▸ TASK REQUIREMENTS
Check each line of the data for the string "Picture". Report how many have it, and give nothing else.

▸ Data excerpts
::::

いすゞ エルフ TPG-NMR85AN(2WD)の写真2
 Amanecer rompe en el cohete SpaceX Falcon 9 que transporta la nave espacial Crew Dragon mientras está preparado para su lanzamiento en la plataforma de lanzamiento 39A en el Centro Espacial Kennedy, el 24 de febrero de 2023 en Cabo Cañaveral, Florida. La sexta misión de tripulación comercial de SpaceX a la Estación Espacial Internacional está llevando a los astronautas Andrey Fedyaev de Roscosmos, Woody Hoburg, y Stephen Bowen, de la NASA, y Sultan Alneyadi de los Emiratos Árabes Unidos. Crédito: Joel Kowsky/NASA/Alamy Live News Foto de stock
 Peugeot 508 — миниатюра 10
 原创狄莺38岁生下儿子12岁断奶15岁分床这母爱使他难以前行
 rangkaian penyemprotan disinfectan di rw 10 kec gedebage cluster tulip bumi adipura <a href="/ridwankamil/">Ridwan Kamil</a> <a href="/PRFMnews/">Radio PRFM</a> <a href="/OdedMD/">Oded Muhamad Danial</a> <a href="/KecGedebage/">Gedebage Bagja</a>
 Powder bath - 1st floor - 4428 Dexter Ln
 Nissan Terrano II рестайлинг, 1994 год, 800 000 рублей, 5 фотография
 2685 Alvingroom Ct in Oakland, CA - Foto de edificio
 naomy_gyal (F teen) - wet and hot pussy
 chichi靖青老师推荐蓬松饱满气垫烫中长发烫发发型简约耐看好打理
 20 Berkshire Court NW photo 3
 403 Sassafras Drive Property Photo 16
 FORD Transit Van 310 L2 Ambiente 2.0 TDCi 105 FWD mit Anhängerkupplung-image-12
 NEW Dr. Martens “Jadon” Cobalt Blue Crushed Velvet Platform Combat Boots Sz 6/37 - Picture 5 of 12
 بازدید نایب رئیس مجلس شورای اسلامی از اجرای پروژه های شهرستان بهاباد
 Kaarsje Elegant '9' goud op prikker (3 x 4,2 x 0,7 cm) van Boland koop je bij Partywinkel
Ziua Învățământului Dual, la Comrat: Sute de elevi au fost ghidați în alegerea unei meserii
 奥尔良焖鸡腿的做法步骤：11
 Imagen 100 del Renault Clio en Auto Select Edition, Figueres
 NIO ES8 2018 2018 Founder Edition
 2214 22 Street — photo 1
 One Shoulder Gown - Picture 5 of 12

::::

▸ RESPONSE BOX
2